引数の pin は押されたスイッチが接続されているピンの情報。p でも同じ結果が得られるようだ。しかし、誰がこの引数を渡してくれるのかとか、他に指定できる引数はないのかとか、よく分からない。
ピンの情報
Pin(10, mode=IN, pull=PULL_DOWN)
これを sw_pressed というグローバル変数を使って main ルーチンに渡す。
global 宣言について
sw_pressed はglobal 変数だが、main 関数と callback 関数の両方で値を代入する。そこで、これらの関数の両方に
global ws_pressed
という宣言文が必要。
sw1 および sw2 の設定は、次のとおり。
sw1 = Pin(10, Pin.IN, Pin.PULL_DOWN)
sw2 = Pin(11, Pin.IN, Pin.PULL_DOWN)
どちらのスイッチが押されたかを知るには、sw1 であるか sw2 であるかを調べればわかる。式は次のとおり。
if sw_pressed == sw1:
elif sw_pressed == sw2:
main ルーチンでは、割り込みが発生したことが確認できたら処理に入る。
if sw_pressed:
処理を邪魔されないよう、割り込みを停止する。
state = machine.disable_irq()
下の文は、割り込みを再開する命令。上とセットで使う。上でゲットした state を用いて、割り込み前の状態に戻す。 何の状態かは知らない。
machine.enable_irq(state)
割り込みを停止している間に、割り込みフラグおよび押されたスイッチの状態 (Low か High か)を変数に入れておく。
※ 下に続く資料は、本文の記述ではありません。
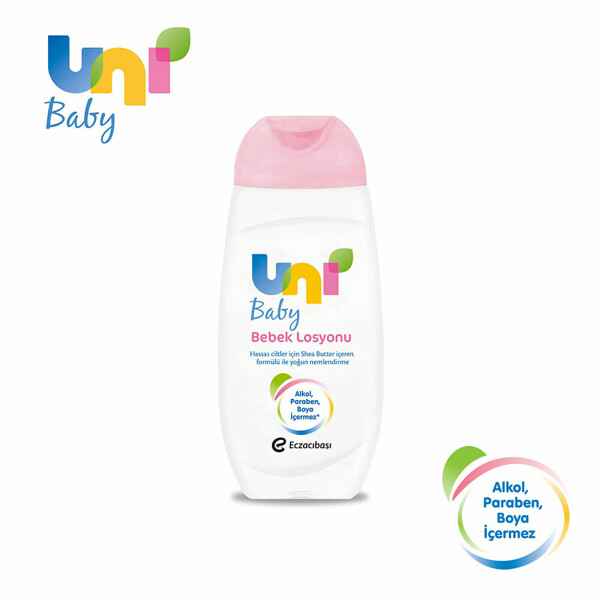 Uni Baby Bebek Losyonu 100 ml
irq_flags = sw_pressed.irq().flags()
sw_value = sw_pressed.value()
time_diff = utime.ticks_diff(utime.ticks_us(), ref_time)
割り込みフラグ=割り込みが発生したピン.irq().flags()
次のリストでは整数で表したが、4ビットがそれぞれセットされるかクリアされることで状態を表す。
1: Low level
2: High level
4: Falling edge
8: Rising edge
12: Both edge
スイッチの状態=割り込みが発生したピン.value()
0: Low level
1: High level
time_diff で2つの割り込みの時間差を計算する。ticks_diff() 関数を使わないと正しく計算されない。この時間差が変数 interval 以下の場合には、スイッチのステータスを反転せず、スルーする。
スイッチのステータスを反転する条件は
割り込みの間隔が、変数 interval よりも大きい
スイッチの値が、 1(High level)
フラグが、8(Rising edge)
Rising edge を確認した後は、value() が 1 になっていることを確認した方が良い、と誰かが書いていたのでそのようにしている。
実際、Rising edge 検出後に value() = 0 とかいう状態も見たが、最新の回路ではそのような状態での割り込みは検出されていない。もしかしたら、Rising edge の確認だけでいけるかも。
上の条件を満たすときに、スイッチ別にステータスの処理に入る。
sw_pressed が sw1 のとき
ードライブモードのステータス drive を反転する
sw_pressed が sw2 のとき
ー回転方向のステータス direction を反転する
ふと思った。この場合分けすら不要になる書き方があるかもしれない。
終わったら、割り込み情報をクリアする。
sw_pressed = None
さらに、タイミングの基準も設定し直す。次の割り込みが発生したら、これを基準に経過時間を計算する。
ref_time = utime.ticks_us()
interval は、50 msec とした。前の割り込み処理が終わってから 50 msec 以内に発生した割り込みは、無視。
interval = 50000
検討段階でマイクロ秒レベルの時間計測が必要だったから .ticks_us() を使っているが、.ticks_ms() で十分だったかも。
一応これでブラシモーターが回っている。